What is a statistical survey? What does this mean? When should it be used vs. a take the pulse survey?
Most surveys conducted in the business world are convenience samples or self-selected samples, rather than scientifically designed statistical samples. Examples of convenience samples are those that are done at a mall or other setting where groups of people are asked their opinion on a product or service.
Self-selected samples are growing more popular with the typical examples being surveys conducted on web sites. These types of surveys can give an organization valuable feedback at a reasonable cost.
If an association wants to know whether a new service will be valuable to their members, an on-line survey can determine whether large numbers would find it useful or not. With these types of surveys, there is some virtue in having large numbers of respondents. If a relatively large number of members are in favor of a new service, it makes sense to offer it whether those respondents really represent the majority of members or not.

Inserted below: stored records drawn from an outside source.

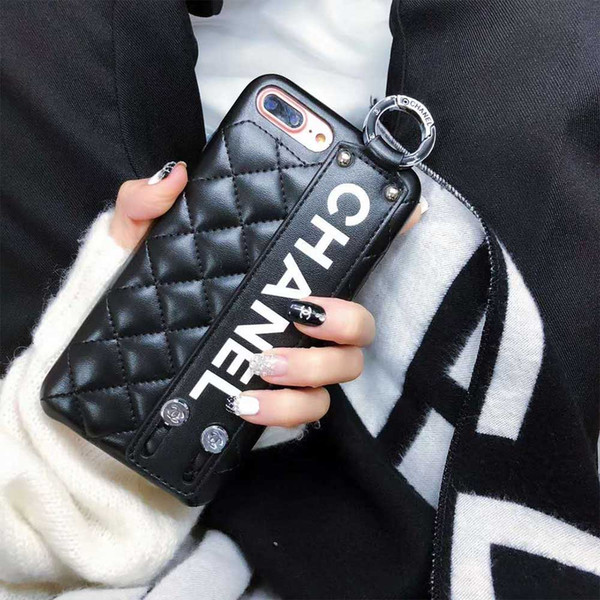 Luxury Phone Case for IPhone X Fashion Paris Show Classic Rhombus Lattice Wristband Leather Phone Back Cover for IPhone 6 6plus 7/8 7/8plus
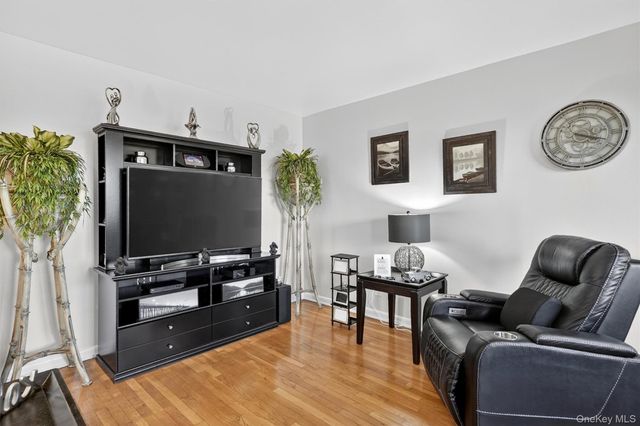 1300 Midland A50, Yonkers, NY 10704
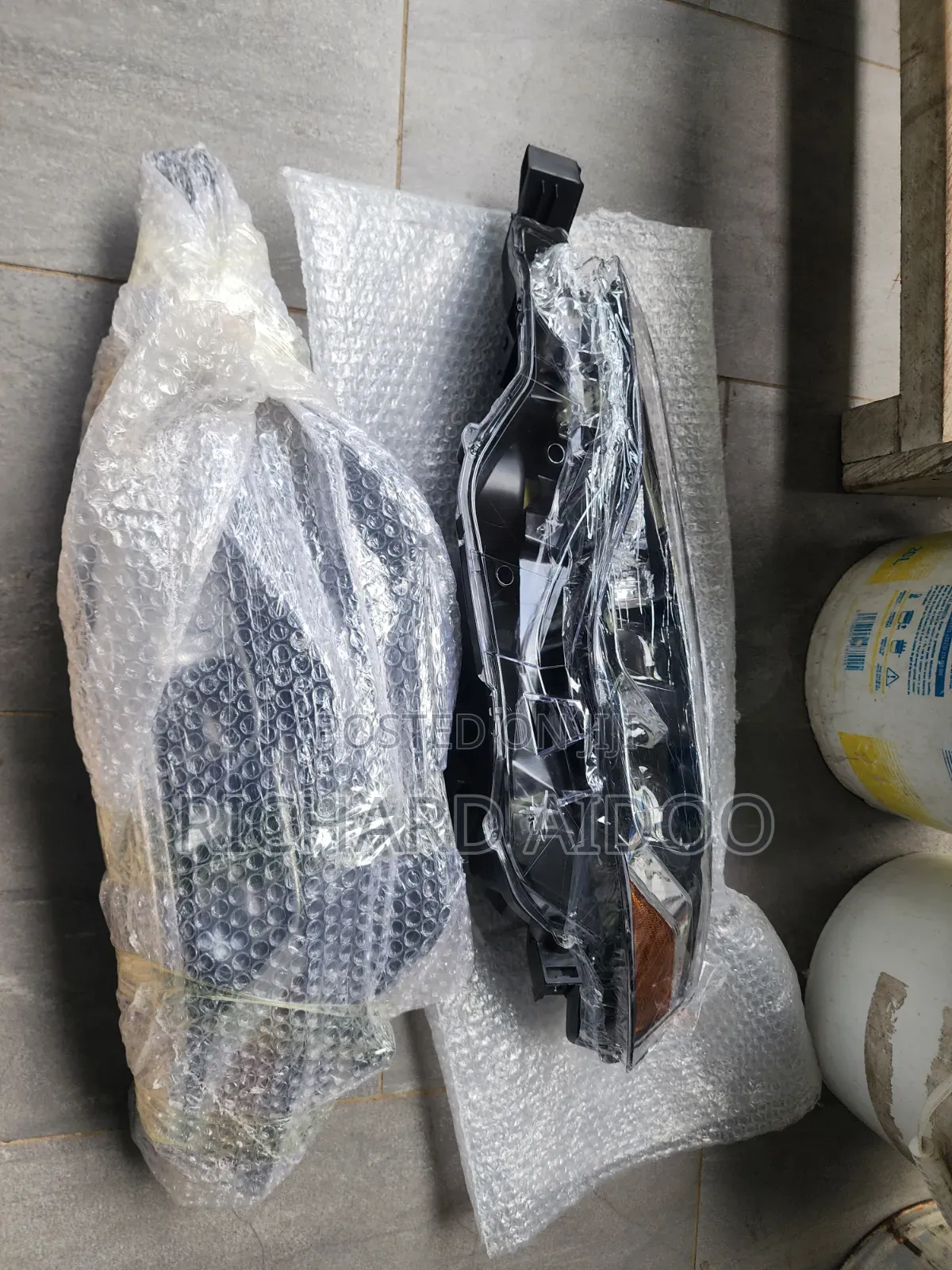 Toyota Corolla 2018 Headlight Sports Available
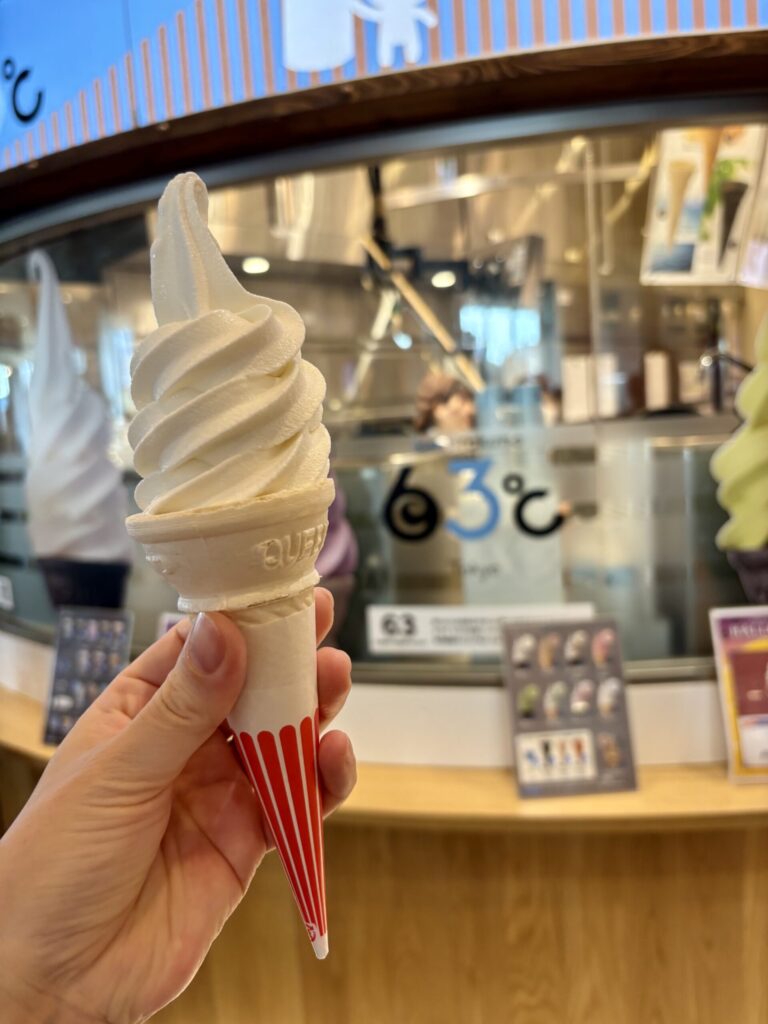 スカイツリーにある63°のソフトクリーム。塩コーンを選択。味がありおいしい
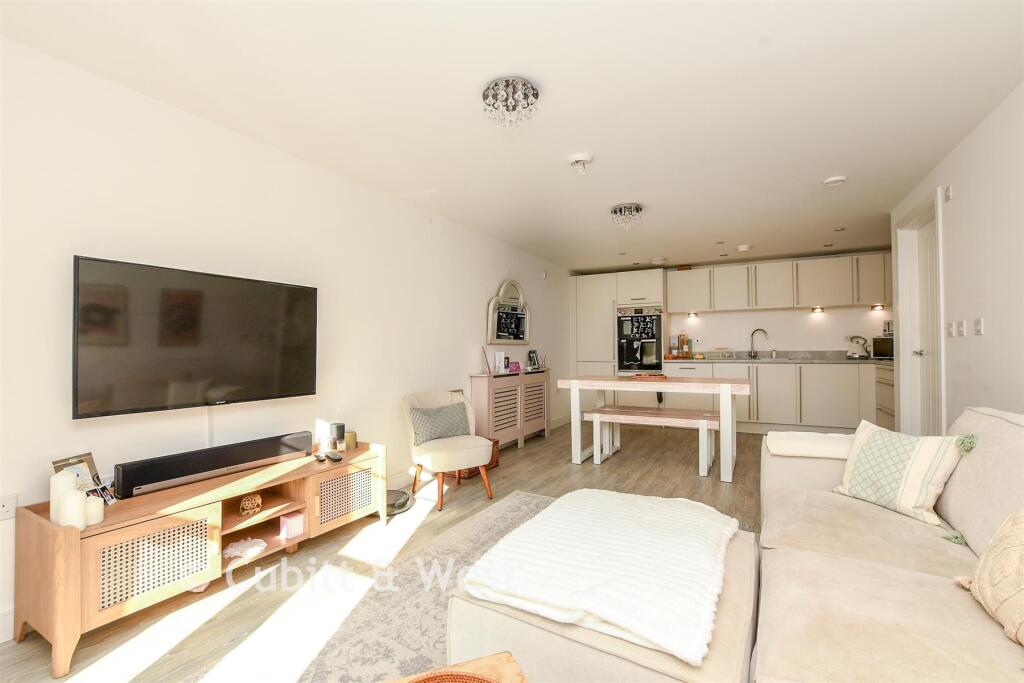 Apartment in Crawley, Lowfield Heath - View 3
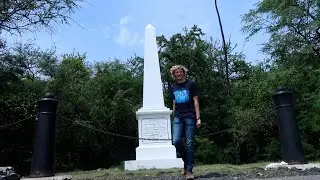 Captain Cook Monument in Kealakekua Bay (hike) - Big Island, Hawaii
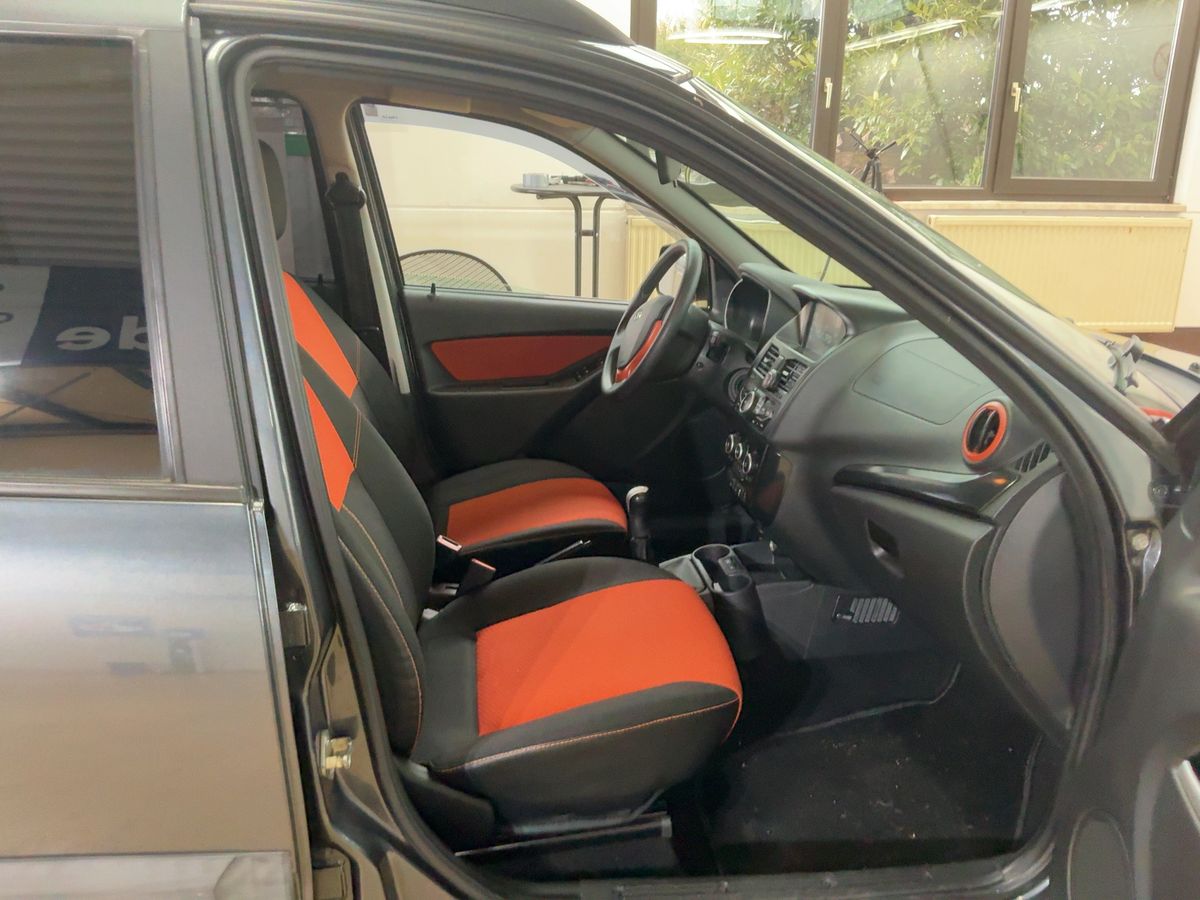 Lada Kalina 2018 — photo 17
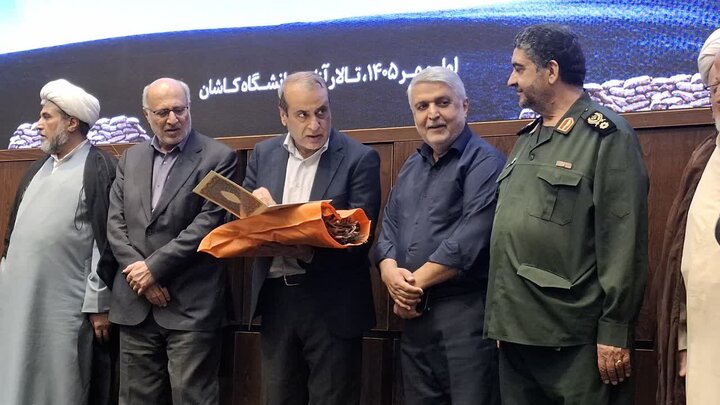 تصاویر/ گرامیداست هفته دفاع مقدس وتجلبل از خانواده معظم شهدا در دانشگاه کاشان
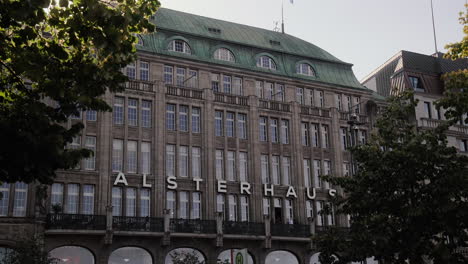 Alsterhaus-En-Hamburg-Jungfernstieg-En-Un-Día-Soleado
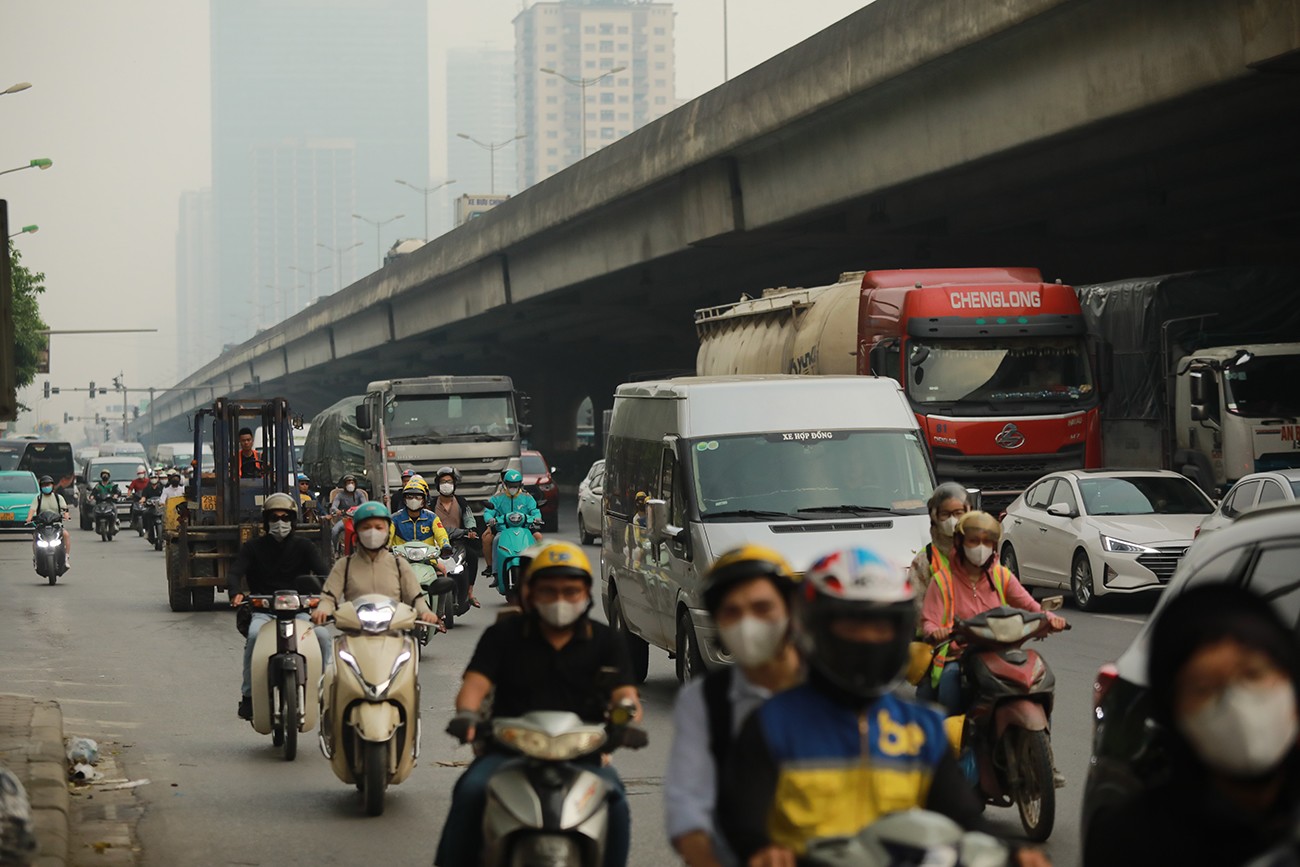 Tình hình giao thông ở Hà Nội trong ngày đầu nghỉ lễ - 6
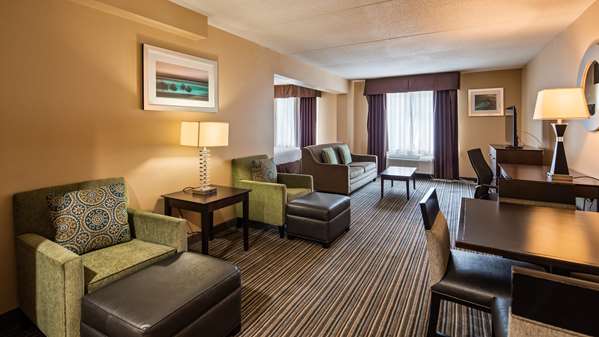  - Best Western Plus Harrisburg Hotel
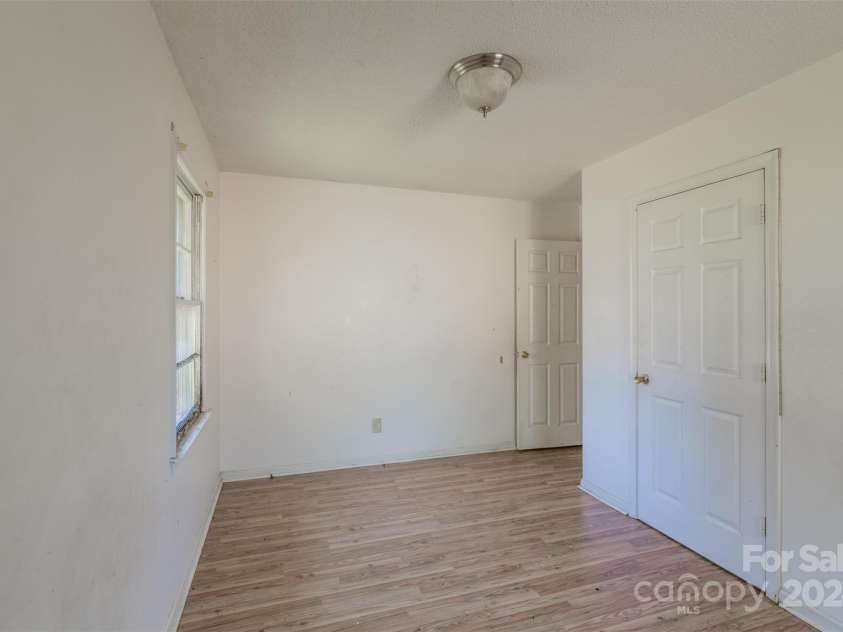 529 Roundtree Circle, Chester, SC 29706.  MLS# CAR4203560, YatesRealty ID 3030.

This representation issue is the crux of the difference between a self-selected respondent survey and a statistical survey. When members are free to respond to the survey or not, you have no real assurance that that only people who have strong, negative, or positive have responded to the survey. You do not know whether a bias is being introduced into the responses.
A statistical survey is designed to represent the all members of the association or a particular target population. Surveys can be designed in various ways to achieve specialized goals, but a simple random survey of members can reliably reflect the views of the general population.
A statistical survey is more reliable than a self-selected survey because you know it represents your target population. The accuracy of a statistical survey is determined by the number of respondents in the sample. The validity of the survey is determined by the proportion of people in the original sample who respond to the survey, also know as the response rate.
A survey with about 900 respondents will have a margin of error of about +-3 percentage points. For a statistical survey to be valid, a response rate of approximately 60 percent is required. A statistical survey that ends up with a low response rate suffers from the same unknown representation as in the self-selected survey noted above.
The chief obstacle in doing statistical surveys is the cost. To get a response rate of 60 percent typically requires an inducement, plus 2-3 follow up contacts to persuade people to respond to boost the response rate. Also, there are front-end costs in survey design and the final analysis will be more complex.
There may be cases were statistically valid data are worth the cost. Examples of these are situations where decisions involving large amounts of money or other high risk outcomes will be made on the basis of the survey results. If the information is going to be presented to other organizations or legislative bodies, more reliable might be more effective in influencing policy outcomes.
Regardless of whether you choose our standard package or a custom designed statistical sample, our surveys include special mailers to help boost the proportion of your members responding to the survey, making you are getting the best results for your budget. For more information on response rates and survey validity, please click here.
How do you write survey questions that are not misleading? Tips for writing questions that get the appropriate response.
No one individual can write the survey questions. As the client, you should identify the goals and general framework of the questions. The framework should be determined by your organization's policy makers, or client organizations.
Track Marketing Group will work with you to help refine the questions, and we will suggest appropriate demographic or general questions from a list of extensively tests questionnaire items. After the team has completed the questionnaire, it should be tested by a group of potential respondents for clarity, utility, and neutrality. The more people involved in the design process, the better.
Questions should be easy to understand, and flow in a consistent basis. People tend to like to run through the surveys quickly, so sentences should be short and direct. Scales should be done in a consistent format. Questionnaires should be short to minimize "respondent burnout." Use of loaded terms or extensive jargon should be avoided. Avoid combining 2 questions into one response.